Llegábamos a la esquina del colegio y el nudo en la garganta era insoportable desde el último semáforo a la puerta principal. No sabía de qué manera decirlo ni siquiera si alguien lo iba a entender. Al otro lado del acceso me esperaba la desadaptación permanente, otro lenguaje, otras habilidades que yo no tenía y que nadie me enseñó en plena dictadura.

A mis padres poco y nada podía decirles. Al terminar las clases le pedía a mi mamá que me esperara a varias cuadras del edificio porque quería dejarla fuera de la burla. Ella poco iba a entender, se iba a avergonzar, yo me iba avergonzar. Desde el mundo heteronormado yo sabía que no habría intervención parental que me pudiese entregar la contención que yo necesitaba ni el oído ni el refuerzo ni la seguridad. Hace 25 años mis padres heterosexuales no podían hacerlo aunque hubiesen querido. Las herramientas no estaban disponibles ni para ellos ni para mí ni para nadie.

A la luz del avance legislativo de la nueva ley de adopciones que abre la alternativa de adopción homoparental se abre un enorme cuestionario ¿Están hoy esas herramientas disponibles para padres heterosexuales u homosexuales? ¿Están todas esas herramientas al servicio de niñas y niños, de adolescentes, sean heterosexuales u homosexuales? Aún más primario: ¿Cuáles son esas herramientas que permiten la construcción de un adulto sano y pleno? Existe amplia bibliografía al respecto y al revisar documentación comparaba aparece la contención, el apego seguro y la confianza como elementos esenciales durante la crianza.

La contención implica una renuncia, exige la decisión voluntaria de postergarse para darle espacio a otro que sufre, que es vulnerable, que necesita apoyo. Determinada por la paciencia y la generosidad, se trata de orientar a un ser humano en formación y que, en su confusión, está expuesto a incontables peligros. Eso no tiene que ver con su orientación sexual, ni la de sus padres, pero es una responsabilidad que los adultos debieran aceptar en conciencia de lo que implica.
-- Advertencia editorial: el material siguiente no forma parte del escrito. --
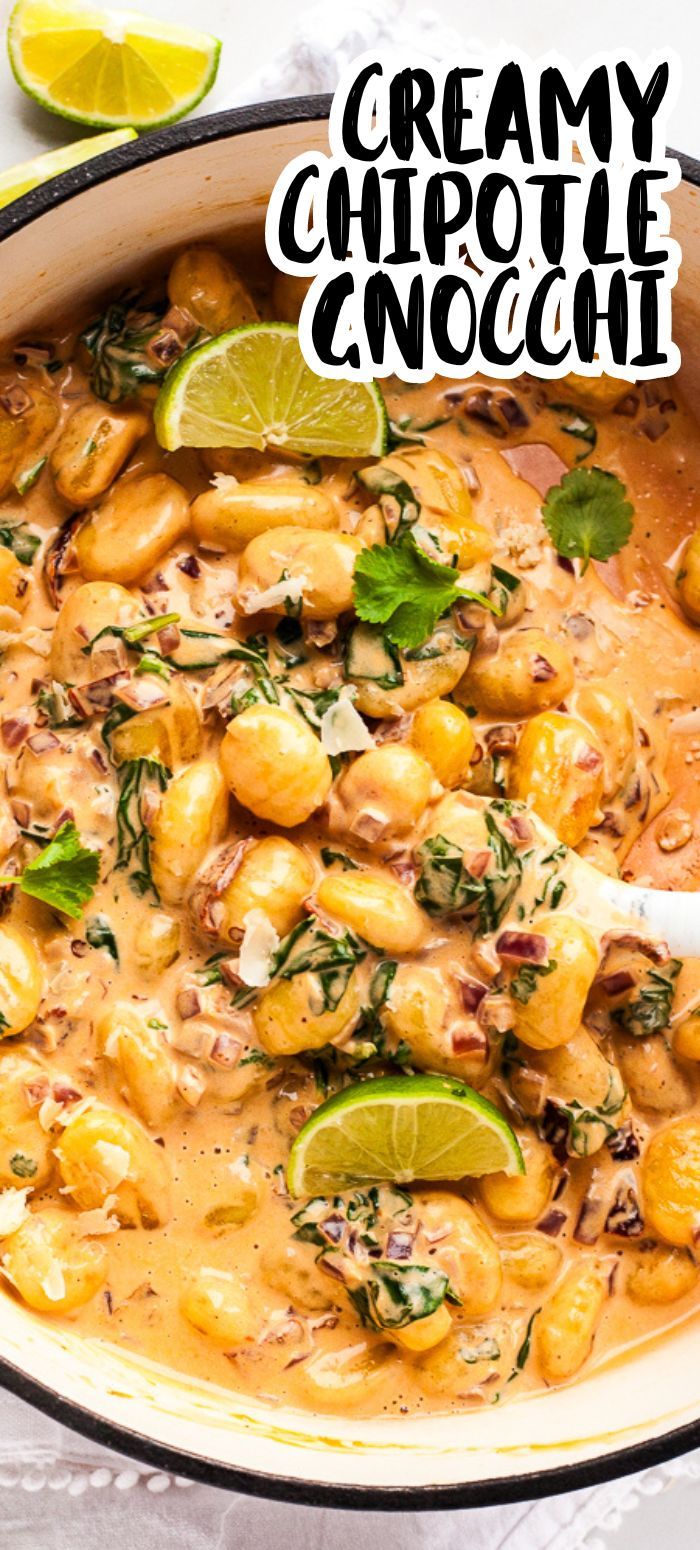 creamy chipotie enchilada in a skillet with limes and cilantro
Las historias personales y las discriminaciones arbitrarias e injustas de las cuales los homosexuales hemos sido objeto exige de nosotros un esfuerzo aún mayor a la hora de tomar la enorme responsabilidad de formar nuestra familia y de hacer una oferta de cuidado a un niño que lo necesita y que tiene el derecho inherente a tener un hogar. Muchos hemos desarrollado ese instinto de cuidado tras duros golpes físicos, sicológicos o incluso emocionales. Otros, con menos fortuna, han encontrado en la evasión un mecanismo de sobrevivencia ante tanto dolor. Esta exigencia evidentemente no es exclusiva para las familias homoparentales. Ante el debate abierto en el país debemos como homosexuales celebrar el avance, pero, al mismo tiempo, asumir la enorme responsabilidad que significa ser padres o madres si es que contamos con la ley y libremente lo decidimos. Pareciera que vale la pena entender que es un logro reparador, pero no solo cultural ni social como ha planteado el activismo o el mundo político, sino además una oportunidad de reparación y de reconciliación con nuestras propias historias de desamparo, de lucha y de sacrificio.

Se trata de entender que la paternidad o maternidad no tiene género y que sus roles jamás puedes quedar condicionados más a que a la decisión voluntaria de entrega el cuidado que un otro necesita aunque eso implique renuncias en nuestra propia historia.

Porque de quedarse solo en el logro político se corre el riesgo del abandono mutuo y la superficialidad. Por primera vez en la historia de Chile los homosexuales podemos no solo hablar de logros sino que además de responsabilidades, de deberes de entrega desinteresada, de postergación voluntaria y eso implica un lindo sacrificio al cual hasta ahora no hemos tenido acceso. Este paso nos acerca a la dimensión de ciudadanía, al plano de familia reconocida, pero también sana nuestro propio camino ya sin nudos en la garganta.